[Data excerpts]
★ ★ ★ ★ ★
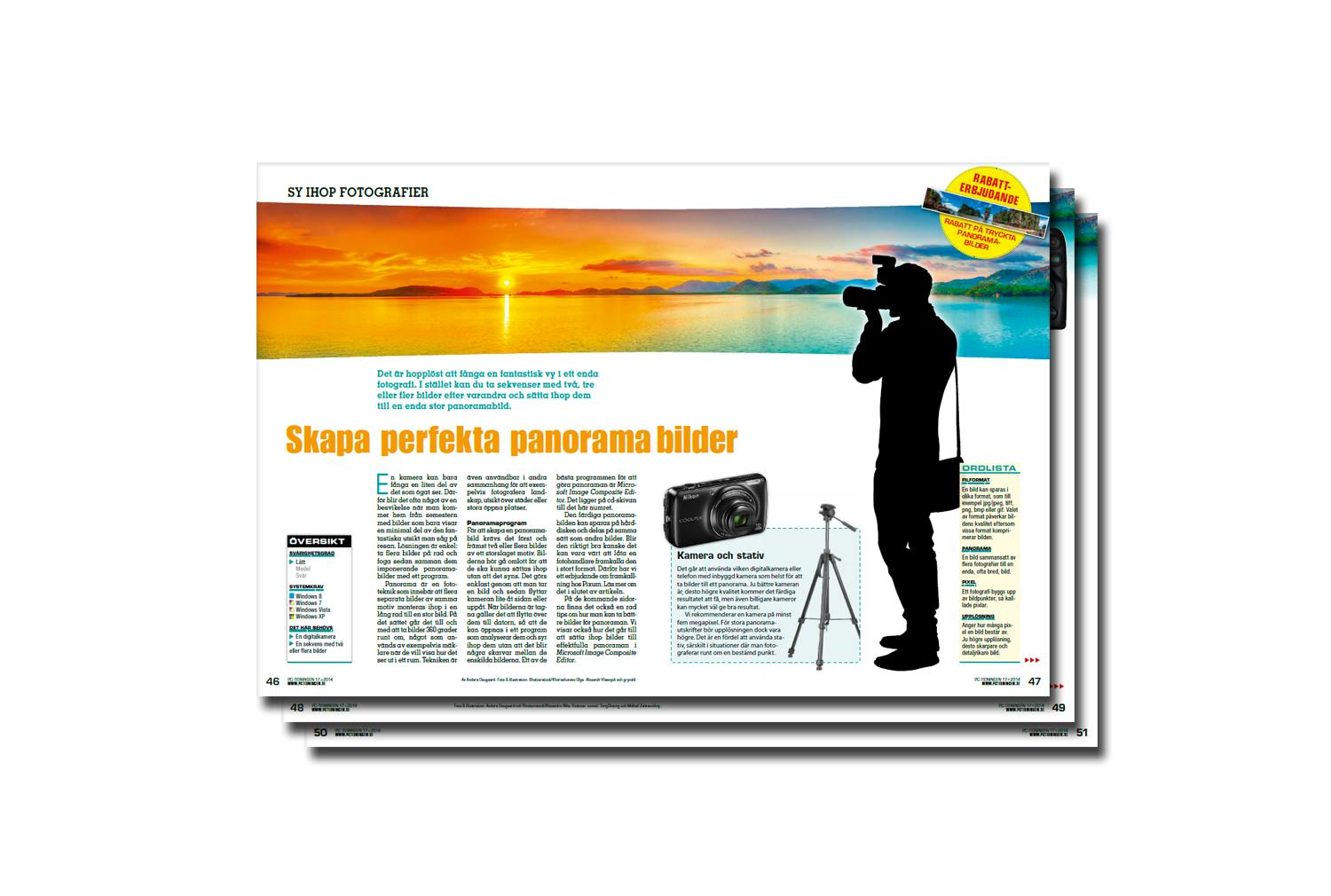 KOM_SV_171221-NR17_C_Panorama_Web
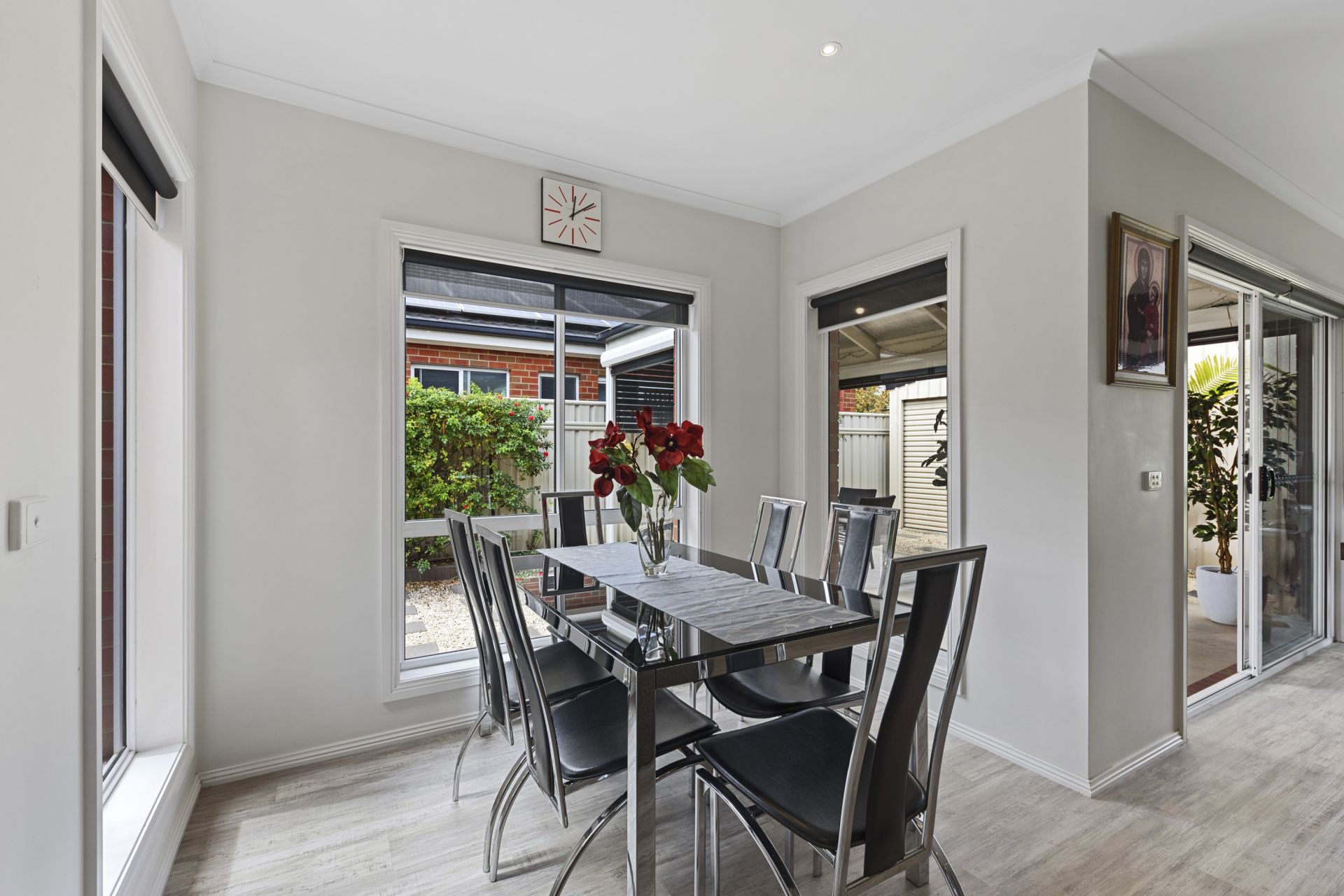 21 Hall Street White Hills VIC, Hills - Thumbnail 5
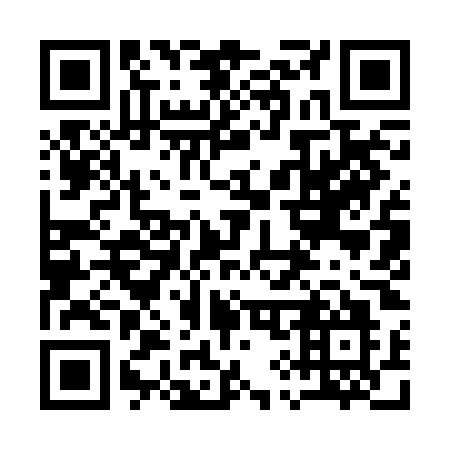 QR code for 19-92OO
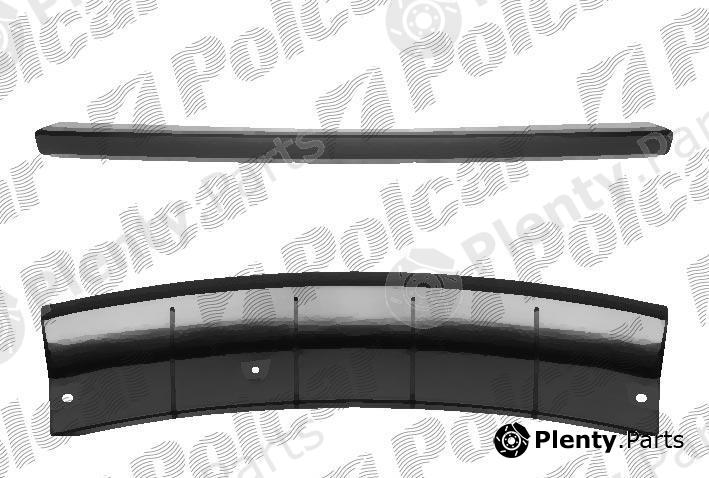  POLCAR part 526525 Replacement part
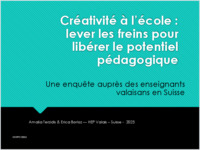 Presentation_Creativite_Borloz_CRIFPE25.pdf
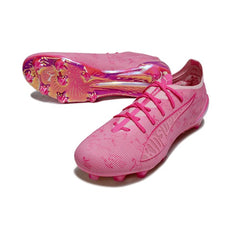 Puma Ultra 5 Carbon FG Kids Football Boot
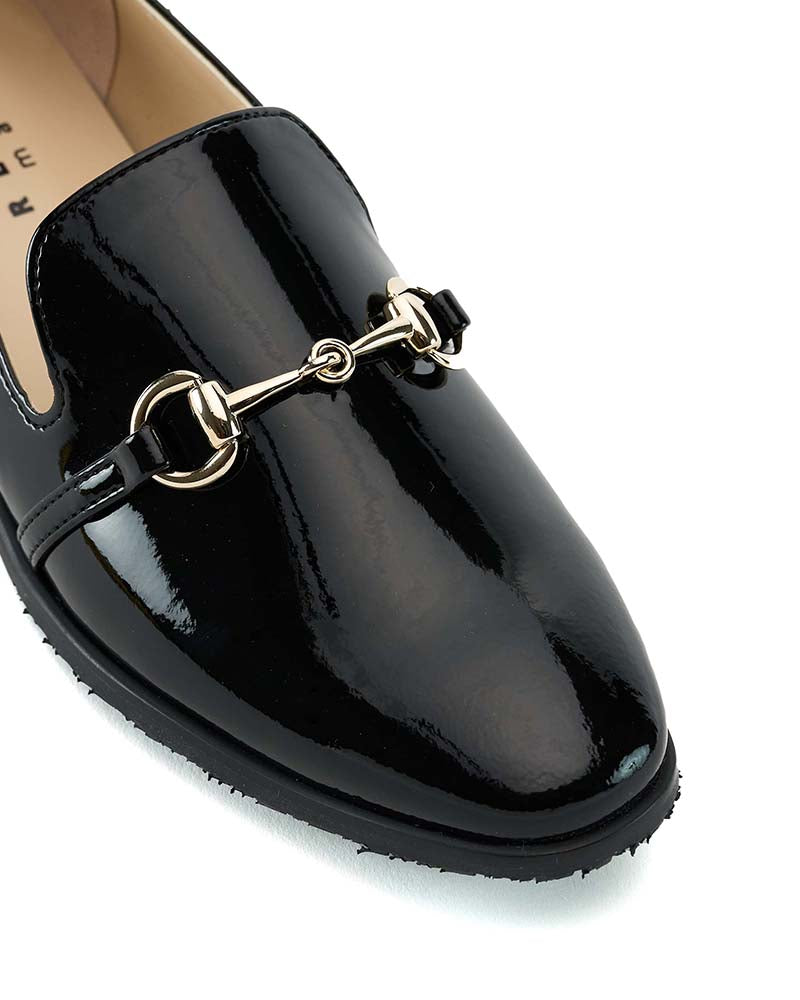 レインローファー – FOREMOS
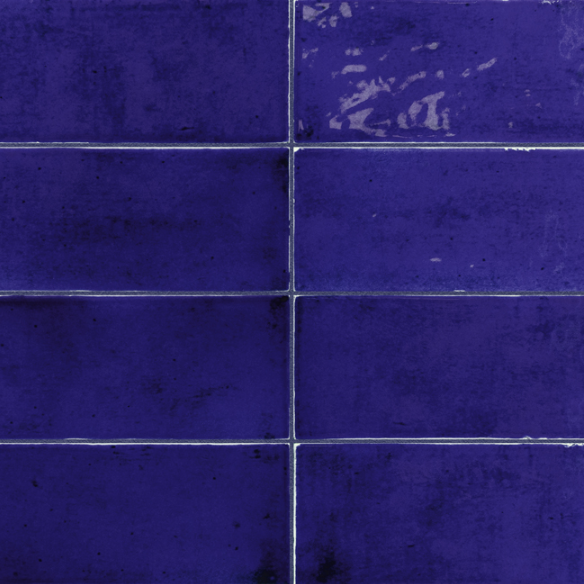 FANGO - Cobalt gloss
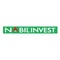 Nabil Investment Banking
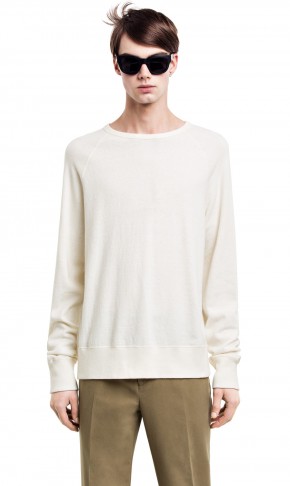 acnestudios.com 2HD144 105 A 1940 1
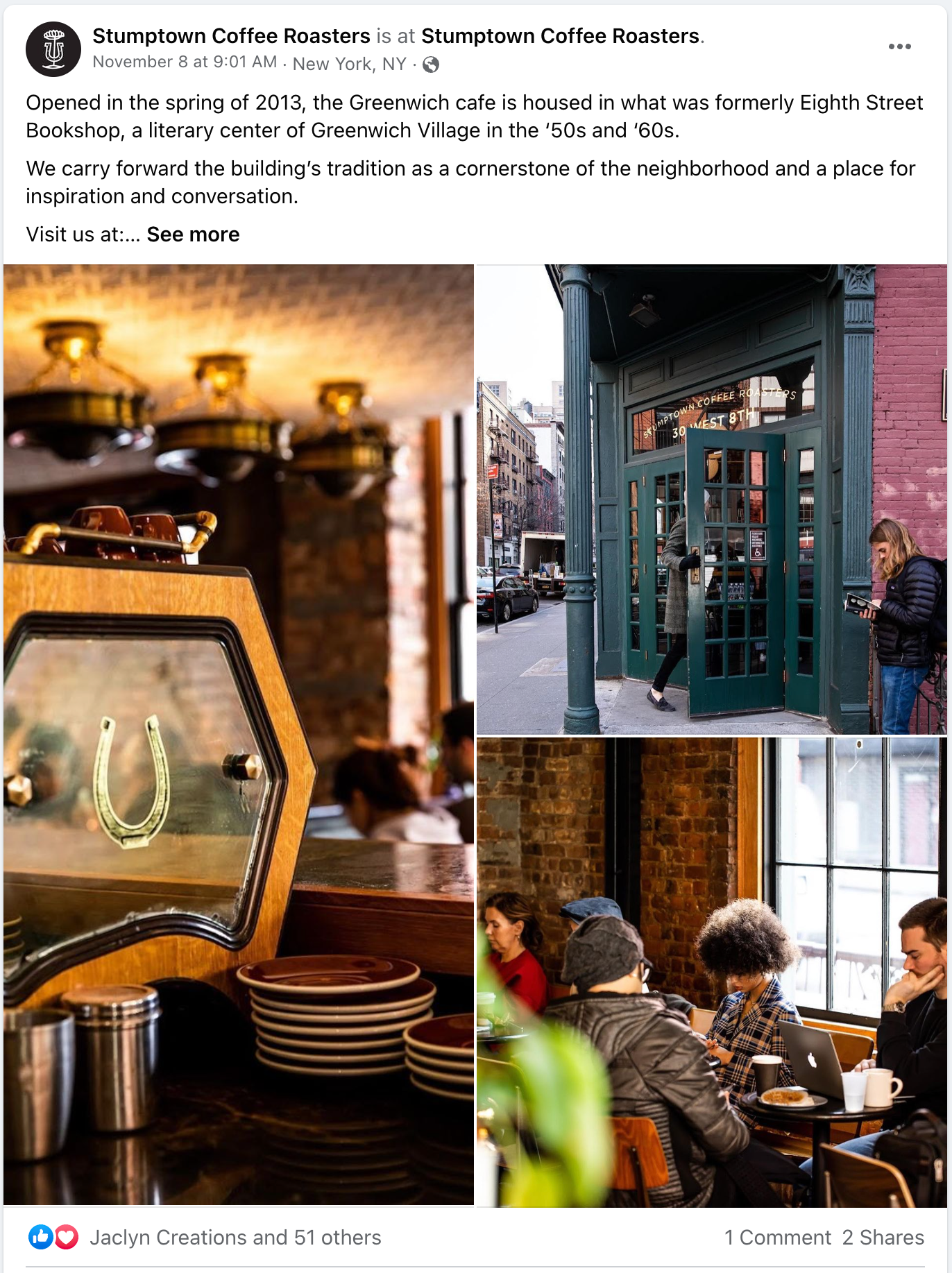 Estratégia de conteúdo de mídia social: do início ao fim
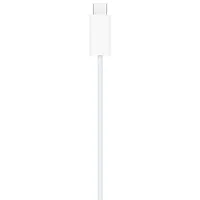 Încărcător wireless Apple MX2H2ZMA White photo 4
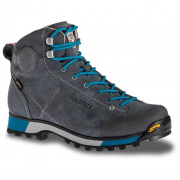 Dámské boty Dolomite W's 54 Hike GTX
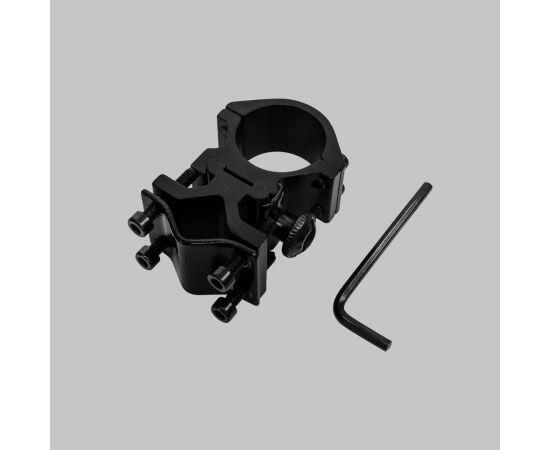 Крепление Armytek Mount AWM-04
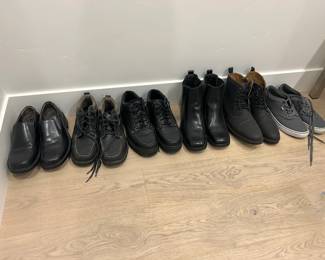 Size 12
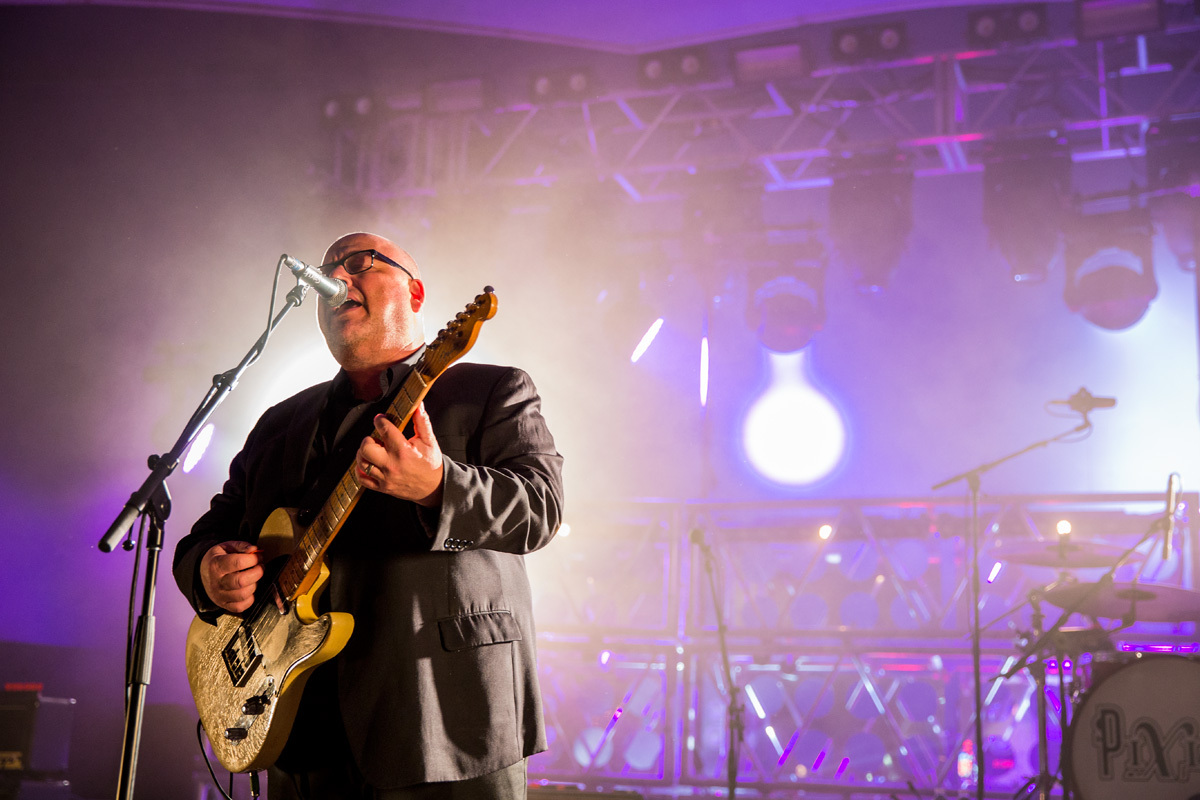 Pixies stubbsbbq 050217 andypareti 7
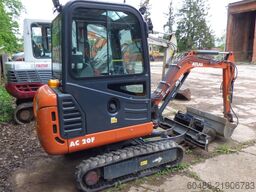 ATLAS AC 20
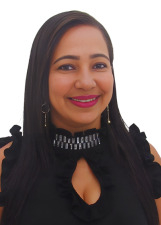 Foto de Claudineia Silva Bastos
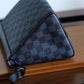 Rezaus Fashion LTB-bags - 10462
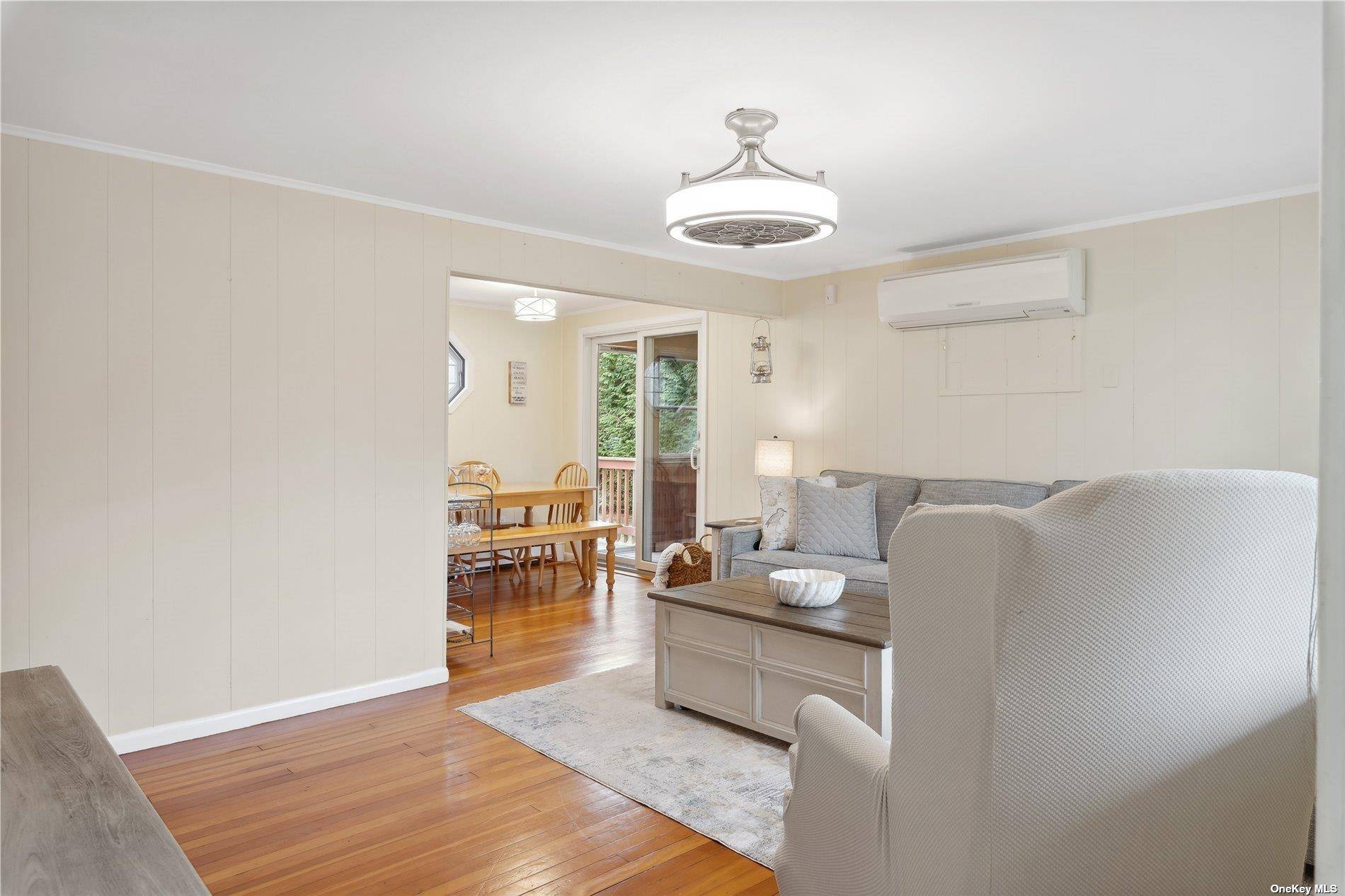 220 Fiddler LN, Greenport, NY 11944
★ ★ ★ ★ ★
[WORK TASK] The records above are to be restated word for word, with every picture left out.

[PROBLEM SOLUTION]
 KOM_SV_171221-NR17_C_Panorama_Web
 21 Hall Street White Hills VIC, Hills - Thumbnail 5
 QR code for 19-92OO
  POLCAR part 526525 Replacement part
 Presentation_Creativite_Borloz_CRIFPE25.pdf
 Puma Ultra 5 Carbon FG Kids Football Boot
 レインローファー – FOREMOS
 FANGO - Cobalt gloss
 Nabil Investment Banking
 acnestudios.com 2HD144 105 A 1940 1
 Estratégia de conteúdo de mídia social: do início ao fim
 Încărcător wireless Apple MX2H2ZMA White photo 4
 Dámské boty Dolomite W's 54 Hike GTX
 Крепление Armytek Mount AWM-04
 Size 12
 Pixies stubbsbbq 050217 andypareti 7
 ATLAS AC 20
 Foto de Claudineia Silva Bastos
 Rezaus Fashion LTB-bags - 10462
 220 Fiddler LN, Greenport, NY 11944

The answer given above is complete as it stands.